I gave the man credit, though; he didn’t pull the gun, even though he probably wanted to, and I didn’t get slapped across the mouth like both of us thought I deserved. Instead, he just grabbed my arm—on the side that put me farthest from his gun, and pulled me in the direction of the elevator. “You’ll come with me, then.”
I pulled my arm back, carafe following, but he had quite a grip and it was follow or knock him on his ass. A dozen moves flashed through my head, one after the other, all ending with him on the floor bruised, and me having made my point in the most visceral way possible—but he was wise to me, had his hand on the gun, looking for an excuse, and from the tension in his body was no stranger to physical confrontation. So, out of self-preservation, I let it go for now.
For a second, in front of the elevator doors, I stopped cold, resisting; six separate officers I knew were in front of that elevator, and I was furious and humiliated to be seen like this.
“Aren’t you worried about the files I took?” I asked the IA stooge in a low voice. I was surprised they hadn’t taken away the coffee pot full of water at this point.
“We’ll send another officer to recover them. They won’t get far in the department headquarters,” he said evenly. “Are you going to come with me now or are you going to resist arrest?”

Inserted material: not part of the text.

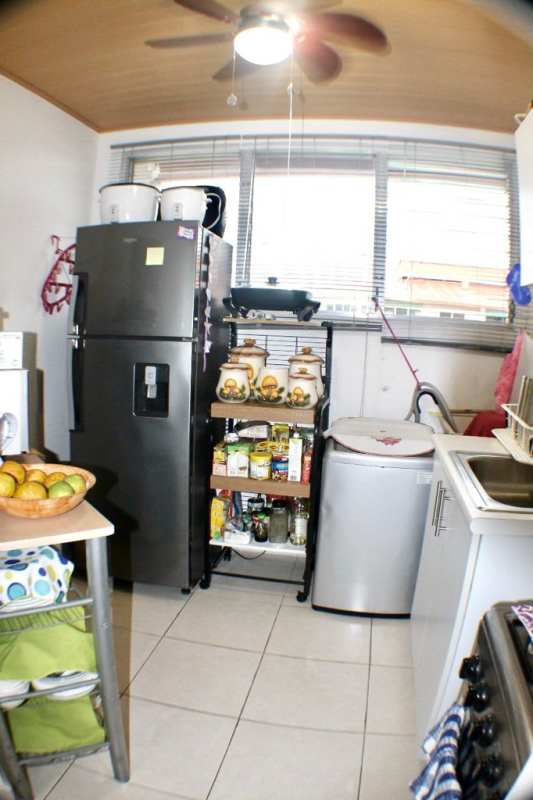 Functional kitchen with stove, fridge, fan and laundry in Llano Bonito Panama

I hadn’t strictly done anything to be arrested for since I’d kept the files on campus—more an administrative error than a crime. But I as sure as hell wasn’t going to give him an excuse to throw punches. Either I’d have to take the beating—which I didn’t know if I could do—or I’d fight back, give as good as I got, and end up in real jail for assaulting an officer. Self-defense did not exist against police, not if you were a citizen. My anger burned like a live wire, but I needed prison like I needed glass shards to the eyes.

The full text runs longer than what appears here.